Mon | Nov 12, 2018

Jamaica's Spanish connection

Published:Saturday | July 14, 2018 | 11:10 PM
Albarello vase
Olive Jar
1
2

The history of Jamaica has been described as a rich and vibrant one, which speaks to experiences of hardships and prosperity; and the growth and determination of a people. Jamaica has seen many chapters in her history, one of the shortest but no less interesting, being the story of the Spanish in Jamaica. On the evening of May 5, 1494 Christopher Columbus, the European explorer, and his crew spotted the island of Jamaica. Columbus and his men described the island as 'a pure dark green' against the evening sun. Happy with their discovery Columbus baptised the harbour 'Santa Gloria', later Santa Ana (St Ann), because of the 'extraordinary beauty of its glorious landscape' (Padron 2003).

Shortly after Columbus cast anchor, the indigenous inhabitants of the island, who according to Padron were naked and seemed to be dyed in thousand colours. Set off from the shore with seventy canoes full of armed men who hurled their spears which fell short of the ships. Eventually the natives had no choice but to retreat from their attack.

The Spaniards, who eventually claimed the island for the King and Queen of Spain, enslaved the indigenous population, over worked, ill-treated them and introduced illnesses that the indigenous population had little to no resistance to. These factors led to the rapid decline of the indigenous population of Jamaica.

Fifteen years after their discovery of the island, the first Spanish colonists came to Jamaica under the Spanish governor Juan de Esquivel in 1509 and first settled in the St. Ann's Bay area. The first town was called New Seville or Sevilla la Nueva. The towns that were established by the Spaniards developed into little more than settlements. The only town that was truly developed was Spanish Town, which was the old capital of Jamaica, then called St. Jago de la Vega. It was the centre of government and trade and had many churches and convents.

The island remained poor under Spanish rule as few Spaniards settled on the island. Bryan (1992) states that the Spanish Monarchs were strongly opposed to the creation of a strong powerful nobility in the New World, and that every effort was made to curb their powers within Spain as well. This was done presumably by the Monarchs to ensure that no rival power developed.

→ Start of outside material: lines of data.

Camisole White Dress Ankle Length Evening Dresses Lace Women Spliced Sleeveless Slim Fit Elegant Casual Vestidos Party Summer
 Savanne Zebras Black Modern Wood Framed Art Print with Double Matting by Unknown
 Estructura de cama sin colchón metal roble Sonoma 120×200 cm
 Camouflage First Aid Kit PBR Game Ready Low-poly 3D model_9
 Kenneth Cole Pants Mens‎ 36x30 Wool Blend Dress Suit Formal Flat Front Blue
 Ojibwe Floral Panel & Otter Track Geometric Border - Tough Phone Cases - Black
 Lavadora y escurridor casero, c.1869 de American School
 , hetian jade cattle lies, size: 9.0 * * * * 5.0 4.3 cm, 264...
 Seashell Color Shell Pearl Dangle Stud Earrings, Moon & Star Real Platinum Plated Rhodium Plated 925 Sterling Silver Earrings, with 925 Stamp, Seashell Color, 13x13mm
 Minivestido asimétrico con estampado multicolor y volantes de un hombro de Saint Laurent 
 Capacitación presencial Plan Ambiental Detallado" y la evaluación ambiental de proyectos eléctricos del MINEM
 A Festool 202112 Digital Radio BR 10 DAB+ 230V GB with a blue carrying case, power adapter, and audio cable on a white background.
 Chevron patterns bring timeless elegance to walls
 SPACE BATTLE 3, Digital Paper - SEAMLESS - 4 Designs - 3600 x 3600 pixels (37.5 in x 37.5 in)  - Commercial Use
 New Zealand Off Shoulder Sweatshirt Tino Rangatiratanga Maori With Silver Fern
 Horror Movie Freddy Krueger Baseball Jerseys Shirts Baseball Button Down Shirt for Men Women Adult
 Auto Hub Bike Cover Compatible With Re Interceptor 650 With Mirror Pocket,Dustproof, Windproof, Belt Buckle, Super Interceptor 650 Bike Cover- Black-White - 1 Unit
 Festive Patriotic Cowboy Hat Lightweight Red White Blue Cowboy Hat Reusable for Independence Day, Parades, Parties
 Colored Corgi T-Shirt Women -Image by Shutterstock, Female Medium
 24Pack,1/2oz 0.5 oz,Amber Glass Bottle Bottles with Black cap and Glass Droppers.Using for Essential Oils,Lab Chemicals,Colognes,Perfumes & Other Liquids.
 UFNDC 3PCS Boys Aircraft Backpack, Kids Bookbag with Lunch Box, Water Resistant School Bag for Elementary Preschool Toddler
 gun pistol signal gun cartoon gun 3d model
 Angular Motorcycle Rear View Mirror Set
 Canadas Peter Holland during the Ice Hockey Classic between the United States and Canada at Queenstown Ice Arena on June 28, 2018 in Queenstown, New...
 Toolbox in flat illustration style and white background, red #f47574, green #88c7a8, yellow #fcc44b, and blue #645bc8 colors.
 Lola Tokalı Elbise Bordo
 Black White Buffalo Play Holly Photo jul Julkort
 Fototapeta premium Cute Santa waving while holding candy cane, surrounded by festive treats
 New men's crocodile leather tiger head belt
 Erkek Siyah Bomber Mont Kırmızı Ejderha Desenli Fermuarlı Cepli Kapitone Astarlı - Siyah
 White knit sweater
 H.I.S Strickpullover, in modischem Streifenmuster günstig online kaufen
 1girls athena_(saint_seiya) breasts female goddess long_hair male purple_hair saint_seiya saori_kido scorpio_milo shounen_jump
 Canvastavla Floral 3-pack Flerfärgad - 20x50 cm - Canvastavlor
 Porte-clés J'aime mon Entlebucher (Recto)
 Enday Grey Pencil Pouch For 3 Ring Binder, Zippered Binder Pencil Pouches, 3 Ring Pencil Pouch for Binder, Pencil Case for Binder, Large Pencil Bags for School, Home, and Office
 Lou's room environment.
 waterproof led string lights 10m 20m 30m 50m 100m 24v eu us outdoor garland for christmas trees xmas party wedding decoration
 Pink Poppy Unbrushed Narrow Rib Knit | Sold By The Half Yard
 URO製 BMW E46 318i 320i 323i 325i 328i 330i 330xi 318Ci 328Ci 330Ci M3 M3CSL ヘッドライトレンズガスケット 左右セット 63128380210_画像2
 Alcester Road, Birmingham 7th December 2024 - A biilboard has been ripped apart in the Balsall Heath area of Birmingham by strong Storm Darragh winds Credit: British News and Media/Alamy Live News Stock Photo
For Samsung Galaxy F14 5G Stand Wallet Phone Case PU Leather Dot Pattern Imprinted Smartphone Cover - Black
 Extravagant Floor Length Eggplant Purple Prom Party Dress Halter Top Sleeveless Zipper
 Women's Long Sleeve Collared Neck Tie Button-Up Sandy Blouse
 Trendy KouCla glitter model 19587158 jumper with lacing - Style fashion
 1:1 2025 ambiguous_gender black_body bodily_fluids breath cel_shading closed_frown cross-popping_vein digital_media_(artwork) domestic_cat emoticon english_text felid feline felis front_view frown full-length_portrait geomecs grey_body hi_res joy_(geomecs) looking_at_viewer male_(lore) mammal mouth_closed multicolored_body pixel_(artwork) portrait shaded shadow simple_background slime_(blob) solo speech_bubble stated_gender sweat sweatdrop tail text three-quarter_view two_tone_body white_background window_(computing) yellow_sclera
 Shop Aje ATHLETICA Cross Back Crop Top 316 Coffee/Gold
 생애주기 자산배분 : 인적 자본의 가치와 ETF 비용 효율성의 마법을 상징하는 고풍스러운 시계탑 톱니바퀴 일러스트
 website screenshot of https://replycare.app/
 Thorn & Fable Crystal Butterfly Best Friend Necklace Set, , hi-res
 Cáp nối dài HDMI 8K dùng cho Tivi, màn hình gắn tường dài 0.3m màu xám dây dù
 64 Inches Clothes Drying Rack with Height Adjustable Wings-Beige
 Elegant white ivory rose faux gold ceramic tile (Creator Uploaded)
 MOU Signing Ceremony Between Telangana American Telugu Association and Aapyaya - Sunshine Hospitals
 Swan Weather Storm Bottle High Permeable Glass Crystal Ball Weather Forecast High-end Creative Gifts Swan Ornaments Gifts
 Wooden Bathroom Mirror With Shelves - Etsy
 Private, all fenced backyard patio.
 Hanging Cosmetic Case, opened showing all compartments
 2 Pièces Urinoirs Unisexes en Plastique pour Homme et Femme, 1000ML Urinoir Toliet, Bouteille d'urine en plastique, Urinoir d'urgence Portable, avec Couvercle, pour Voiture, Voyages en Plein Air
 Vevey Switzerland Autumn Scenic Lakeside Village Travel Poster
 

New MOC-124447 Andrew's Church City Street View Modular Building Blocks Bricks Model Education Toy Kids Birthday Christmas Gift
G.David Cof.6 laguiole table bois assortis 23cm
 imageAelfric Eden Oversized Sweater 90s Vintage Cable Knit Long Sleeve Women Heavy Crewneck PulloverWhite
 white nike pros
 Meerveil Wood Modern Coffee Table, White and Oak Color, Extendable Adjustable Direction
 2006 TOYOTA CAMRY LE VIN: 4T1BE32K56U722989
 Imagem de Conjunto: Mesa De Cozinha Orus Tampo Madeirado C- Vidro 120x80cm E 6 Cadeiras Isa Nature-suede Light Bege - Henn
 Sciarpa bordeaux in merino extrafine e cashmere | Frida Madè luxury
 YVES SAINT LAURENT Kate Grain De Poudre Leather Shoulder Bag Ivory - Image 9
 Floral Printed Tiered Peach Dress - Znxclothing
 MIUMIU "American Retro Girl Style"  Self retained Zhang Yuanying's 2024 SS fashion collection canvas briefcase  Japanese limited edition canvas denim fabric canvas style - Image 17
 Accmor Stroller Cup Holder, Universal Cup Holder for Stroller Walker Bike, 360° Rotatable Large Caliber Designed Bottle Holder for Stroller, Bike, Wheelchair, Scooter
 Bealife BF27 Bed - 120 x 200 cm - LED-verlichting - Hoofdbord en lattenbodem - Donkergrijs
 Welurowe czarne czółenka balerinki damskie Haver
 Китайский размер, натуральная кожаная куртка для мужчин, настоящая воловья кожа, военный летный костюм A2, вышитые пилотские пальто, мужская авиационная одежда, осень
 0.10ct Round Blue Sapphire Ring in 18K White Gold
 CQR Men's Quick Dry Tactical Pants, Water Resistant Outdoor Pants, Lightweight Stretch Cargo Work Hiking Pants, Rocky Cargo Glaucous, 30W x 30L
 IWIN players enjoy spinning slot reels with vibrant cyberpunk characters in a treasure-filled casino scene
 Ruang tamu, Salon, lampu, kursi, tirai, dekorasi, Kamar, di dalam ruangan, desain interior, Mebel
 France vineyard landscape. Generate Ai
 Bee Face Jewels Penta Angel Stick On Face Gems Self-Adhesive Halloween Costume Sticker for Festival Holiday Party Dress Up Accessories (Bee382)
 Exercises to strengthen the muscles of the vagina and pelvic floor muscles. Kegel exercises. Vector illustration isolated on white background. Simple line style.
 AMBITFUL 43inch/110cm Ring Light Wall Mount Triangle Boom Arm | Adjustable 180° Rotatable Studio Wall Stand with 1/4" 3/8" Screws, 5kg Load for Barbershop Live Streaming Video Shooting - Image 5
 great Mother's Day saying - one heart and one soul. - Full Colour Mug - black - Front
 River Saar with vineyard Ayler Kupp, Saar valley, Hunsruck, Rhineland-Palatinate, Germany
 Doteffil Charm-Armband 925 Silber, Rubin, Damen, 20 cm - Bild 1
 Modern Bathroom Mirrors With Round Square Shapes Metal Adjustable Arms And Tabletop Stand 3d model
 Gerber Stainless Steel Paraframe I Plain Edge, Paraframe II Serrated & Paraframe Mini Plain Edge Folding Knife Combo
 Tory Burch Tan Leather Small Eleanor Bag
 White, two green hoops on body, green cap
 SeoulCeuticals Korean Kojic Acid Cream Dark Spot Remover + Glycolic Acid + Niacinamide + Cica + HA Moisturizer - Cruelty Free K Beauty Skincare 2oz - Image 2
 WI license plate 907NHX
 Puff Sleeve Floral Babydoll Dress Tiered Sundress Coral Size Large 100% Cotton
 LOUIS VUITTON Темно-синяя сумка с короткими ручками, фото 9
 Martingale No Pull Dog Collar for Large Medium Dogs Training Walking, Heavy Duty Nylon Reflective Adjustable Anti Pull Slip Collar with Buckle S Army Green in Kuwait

The little attention the colony received from Spain soon led to a major reason for internal strife. The governors were not getting adequate support from home and quarrels with church authorities undermined their control. Frequent attacks by pirates also contributed to the weakening of the colony. Jamaica served mainly as a supply base: food, men, arms and horse were shipped here to help in conquering the American mainland.

By the time the British Admiral William Penn and General Robert Venables led a successful attack on Jamaica on May 10, 1655, the Spaniards surrendered to the English after 161 years of occupying Jamaica. The Spaniards freed their slaves and then fled to Cuba, leaving behind whatever of the little belongings that they had. Two of these objects will be discussed today, these being the Alabra Vase and the Olive Jar.

The 'Alabra' or 'Albarello' vase, was a tin-glazed earthenware jar made to store Spanish apothecaries' ointments and dry drugs. According to the Science Museum, "this shape was developed so that many jars could be put on one shelf, to save on space, but the jars could still be safely removed by grasping them around the middle".

Parchment or paper was tied around the rim and served as a cover for the jar. Albarello Jars came from the Near East and were made in Spain after the 8th century Almoravid conquest. It was produced in Italy after the 15th century. This type of decorated pottery is known as maiolica (or majolica) and is believed to be named after the island of Majorca, where the finest pots of this type were said to be made.

According to the Wilson (2016), "Miolica is an Italian invention which expressed many of the key values of the Renaissance period, particularly its emulation of antiquity. Images were taken from Greek and Roman History and mythology, as well as from ancient coins and mural decoration, but miolica designs were rendered in brighter colours than those used in ancient pottery and augmented with decorative motifs born in the stylistic melting pot of the medieval Mediterranean."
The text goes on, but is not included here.